Katmandu, 22 ago (EFE).- Tradição e modernidade se cruzaram nesta quinta-feira nas ruas de Katmandu com um festival religioso centenário que lembra a morte de familiares e uma parada gay que aproveita a ocasião para reivindicar os direitos dos homossexuais.

Milhares de pessoas acompanhadas de crianças de entre cinco e 15 anos disfarçados de vacas e ascetas percorreram a parte antiga da capital nepalesa para comemorar o Gai Jatra - Festival da Vaca.

Este festival começou no século 17 quando o rei Pratap Malla ordenou aos súditos que tinham perdido um familiar no último ano levar para a rua uma vaca ou uma criança disfarçada de vaca para consolar sua esposa, cujo filho tinha morrido recentemente.

"Sua mulher estava muito triste após a morte de seu filho", explicou Naba Shrestha, um dos participantes da comemoração.

"O rei queria dizer a sua esposa que outras pessoas também tinham perdido entes queridos", afirmou Shrestha.

A colorida festa é organizada para levantar o ânimo, mas também tem um tom espiritual, já que os hindus nepaleses acreditam que a alma de um morto cruza o rio Baitarni, que separa a terra do céu, agarrada no rabo de uma vaca.

Um asceta acompanha a vaca para ajudar na passagem do rio com suas orações.

Os que têm condições financeiras doam uma vaca a um sacerdote no 13º dia da morte de um familiar.

Enquanto as crianças caminham enfeitadas de vaca, os adultos oferecem balas e dinheiro para 365 crianças, uma para cada dia do ano, explicou Shreshtha, que lembrava a morte de seu avô e era acompanhado por dois sobrinhos, disfarçados de vaca e de asceta.

Apesar do calor, Anil Maharjan, um dos sobrinhos, afirmou que estava gostando do passeio.

Da mesma forma que ocorria provavelmente há 300 anos, cada "vaca" e "asceta" passa na frente do palácio real no centro da cidade.

Mas hoje poucas vacas reais passaram na frente do palácio, já que estes animais são caros e, como símbolo de pureza após participar do festival, devem ser doados a sacerdotes.

No hinduísmo a vaca é sagrada e não pode ser sacrificada nem comida.

Como sinal da mudança dos tempos, desde 2004 a comunidade gay realiza uma marcha no mesmo dia do Festival da Vaca.

"Devido aos preconceitos que enfrentam no Nepal, os homossexuais acreditam que ninguém lembrará de suas mortes e por isso organizam uma marcha eles mesmos enquanto estão vivos", afirmou Sunil Babu Pant, um dos ativistas mais conhecidos do país.

"O festival tradicional é muito colorido e uma parada gay é aceitável nestas circunstâncias", explicou Babu.

A transexual Julie Chepang, de 21 anos, viajou cem quilômetros para participar da parada gay.

"Não podemos vestir estas roupas no dia a dia.
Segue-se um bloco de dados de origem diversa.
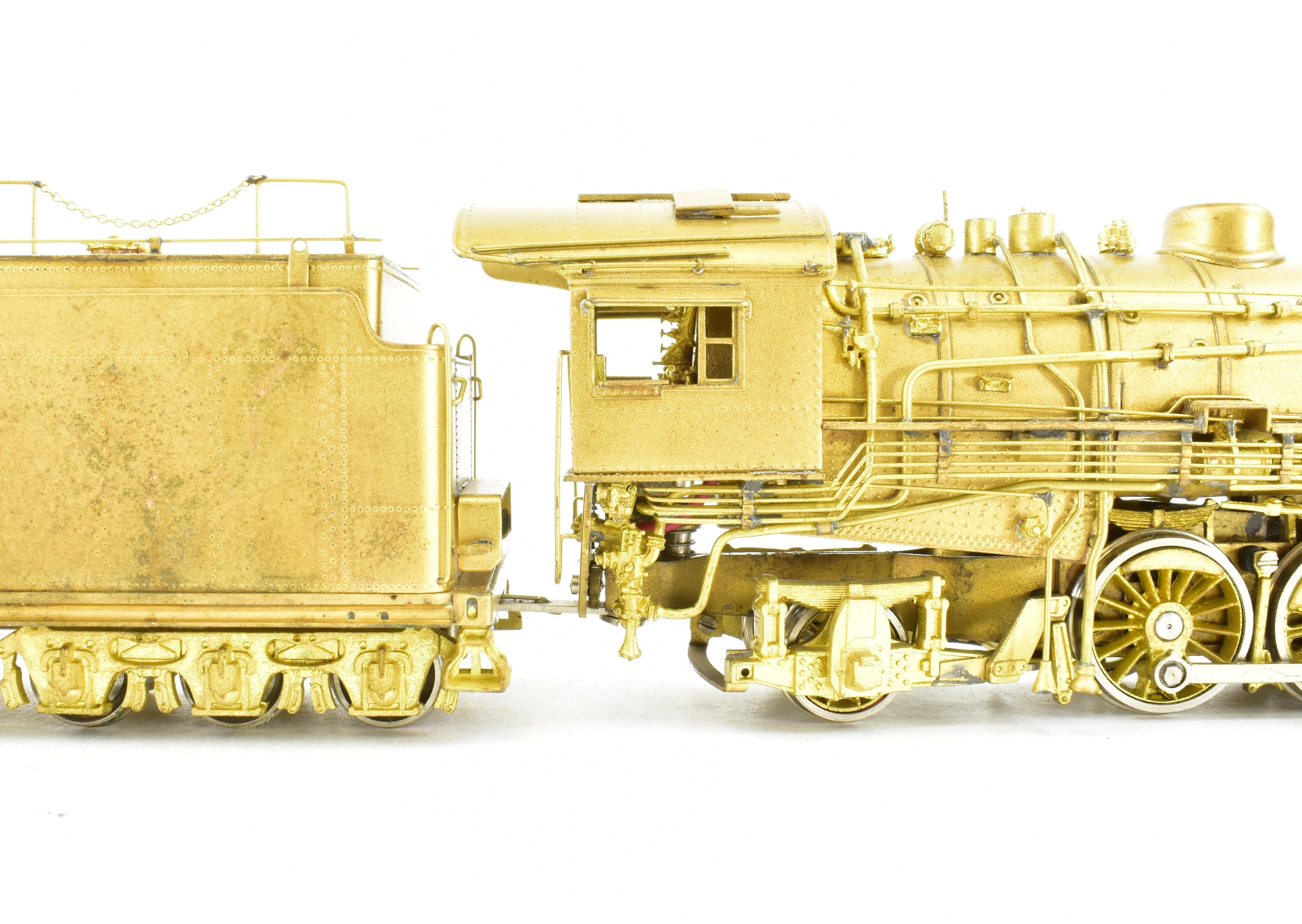 HO Scale Brass Key Imports Texas & Pacific H-2r 2-8-2 Mikado Steam Locomotive Model #800 with Elesco Feedwater Heater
No festival podemos", afirmou a jovem em referência à maquiagem e ao decote que exibia.

Para Oshin Shrestha, de 20 anos, se trata de "uma oportunidade de conhecer gente como nós".

A parada gay, cheia de bandeiras de arco-íris e bolas coloridas, começou no distrito turístico da cidade, percorreu o centro e acabou nas portas do palácio.

O festival religioso, que a comunidade gay aproveita para ganhar visibilidade de forma irreverente para muitos dos nepaleses desempenhou historicamente um papel de zombaria, com espetáculos satíricos nos quais fazem brincadeiras sobre políticos.

Embora com a chegada da liberdade de expressão este aspecto político tenha perdido relevância.

Durante o Governo autocrático do rei entre 1960 e 1990 se aproveitava o festival para satirizar as autoridades, que permitiam as brincadeiras nesta data.

Mas desde a queda da monarquia em 2008, os espetáculos satíricos já não são o que eram antes.